So lassen sich auf einer Arbeitsoberfläche etwa mehrere Instanzen des LX-Terminals simultan starten. Dabei öffnen sich nicht innerhalb einer Instanz mehrere Reiter, sondern zwei oder mehr unabhängig zu nutzende Instanzen des Terminals. Um den Desktop in mehrere Bereiche aufzuteilen, klicken Sie mit der rechten Maustaste in einem Terminal auf die Arbeitsoberfläche und wählen im Kontextmenü New Window. Daraufhin können Sie in beiden Terminals unabhängig voneinander Befehle eingeben (Abbildung 3).

Abbildung 3: Auf dem Desktop können im Terminal mehrere Anwendungen simultan ablaufen.

Abbildung 3: Auf dem Desktop können im Terminal mehrere Anwendungen simultan ablaufen.

TIPP

Mehr über die Fähigkeiten von Tiling-Window-Managern im Allgemeinen und von i3 im Besonderen lesen Sie bei Interesse im Artikel “Fliesenleger” aus LU 10/2014 [2]. Einen ausführlichen Artikel zum i3 funktional sehr ähnlichen Fenstermanager Bspwm finden Sie ab Seite 72 in dieser Ausgabe.

Fazit

Snal Linux arbeitet außerordentlich ressourcenschonend, was nicht zuletzt am schlanken Window-Manager i3 liegt. Das Arch-Derivat benötigt im laufenden Betrieb selbst bei mehreren geöffneten virtuellen Arbeitsoberflächen und darin aktiven, auch grafischen Anwendungen kaum mehr als 400 MByte Arbeitsspeicher.

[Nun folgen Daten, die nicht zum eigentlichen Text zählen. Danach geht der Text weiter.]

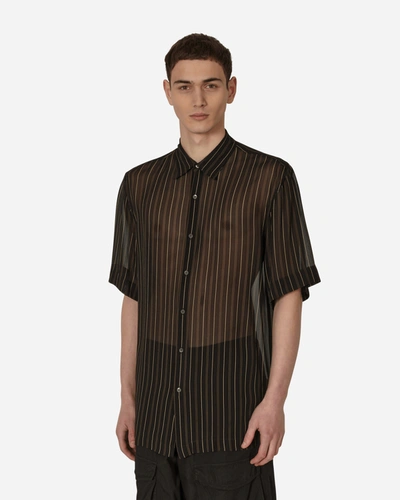 Dries Van Noten Striped Shortsleeve Shirt In Black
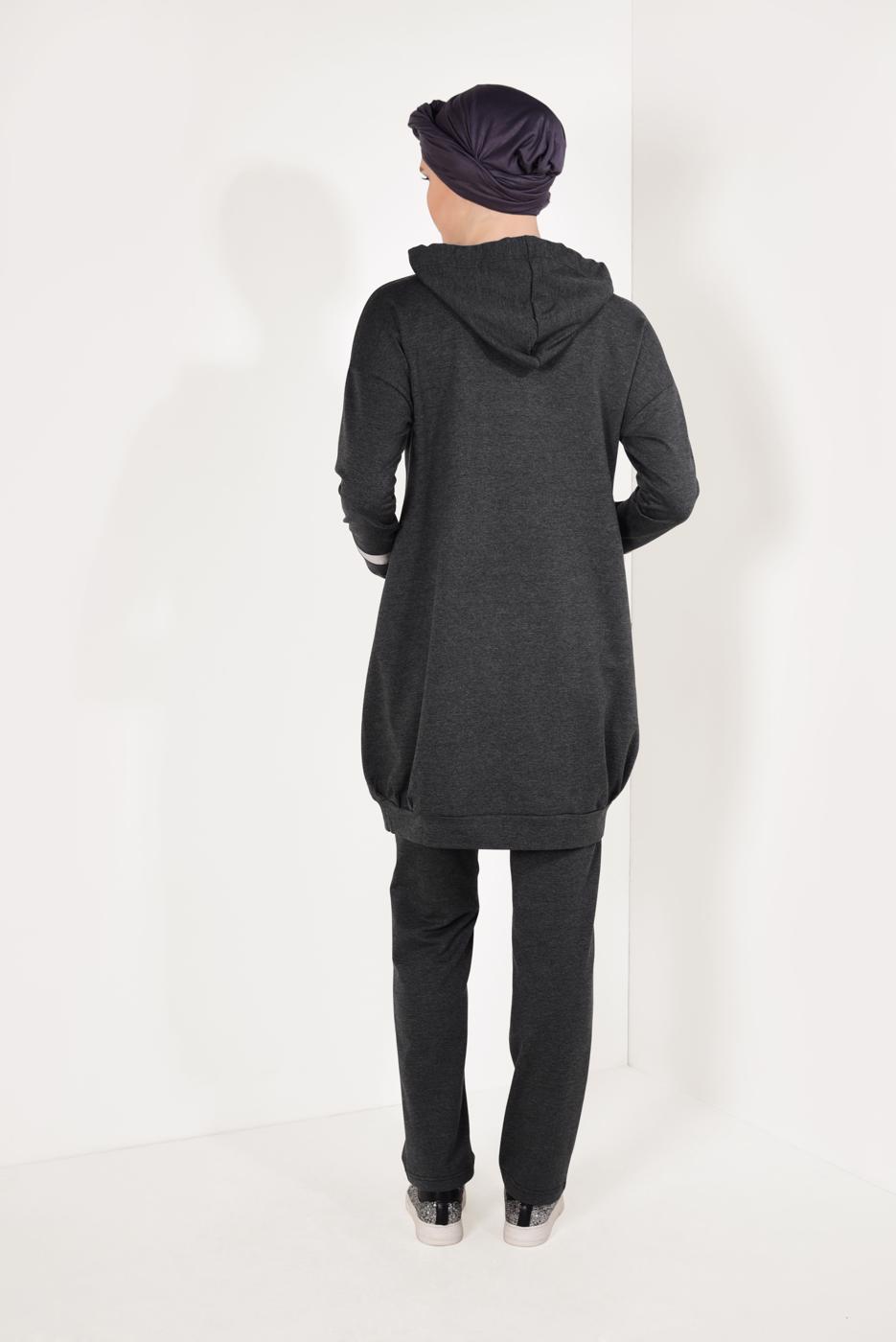 Tesettür giyim GRİ PUL PAYETLİ PANTOLONLU EŞOFMAN TAKIM T 7009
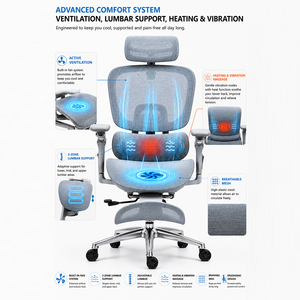 <span class=keywords><strong>Chaise</strong></span> ergonomique avec dossier réglable verticalement, accoudoirs 6D, entièrement en mesh gris, soutien lombaire avec massage et chauffage, siège ventilé - Product Image 2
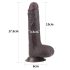 Lovetoy - dildo s dvostrukom kožom - realističan - 18 cm - smeđa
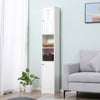 Bathroom Floor Storage Cabinet with Mirror and Shelves Tallboy Unit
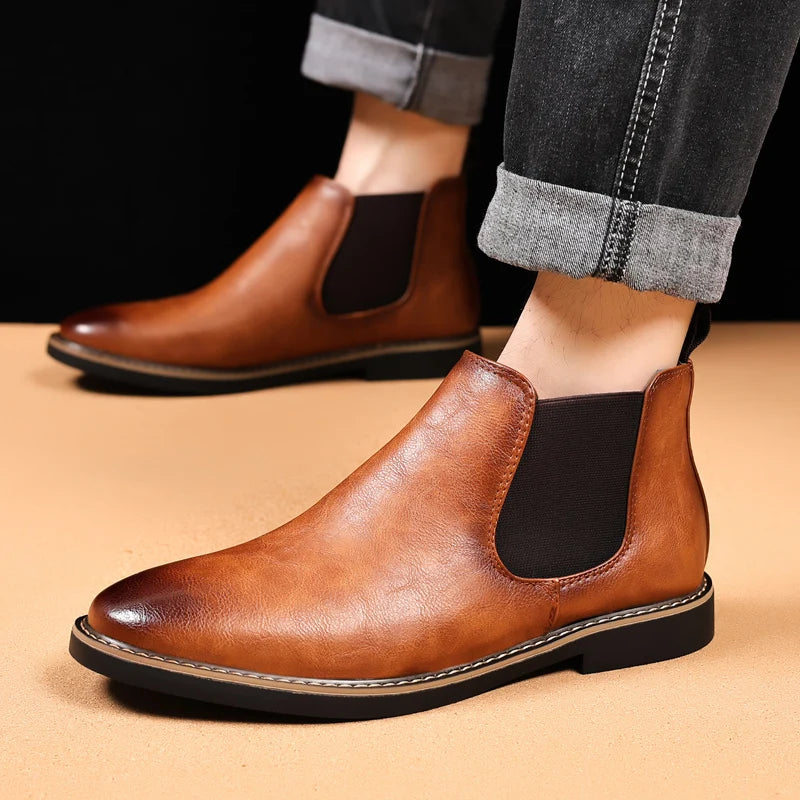 YRZL 39~47 Men Chelsea Boots Brand Retro Comfortable PU Leather Ankle Boots Men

Daher nutzen Sie das Betriebssystem problemlos auf schwachbrüstigen Rechnern mit Atom-Prozessoren und nur wenig Arbeitsspeicher (Abbildung 4).

Abbildung 4: Snal Linux belegt im Arbeitsspeicher kein Byte mehr als unbedingt nötig.

Abbildung 4: Snal Linux belegt im Arbeitsspeicher kein Byte mehr als unbedingt nötig.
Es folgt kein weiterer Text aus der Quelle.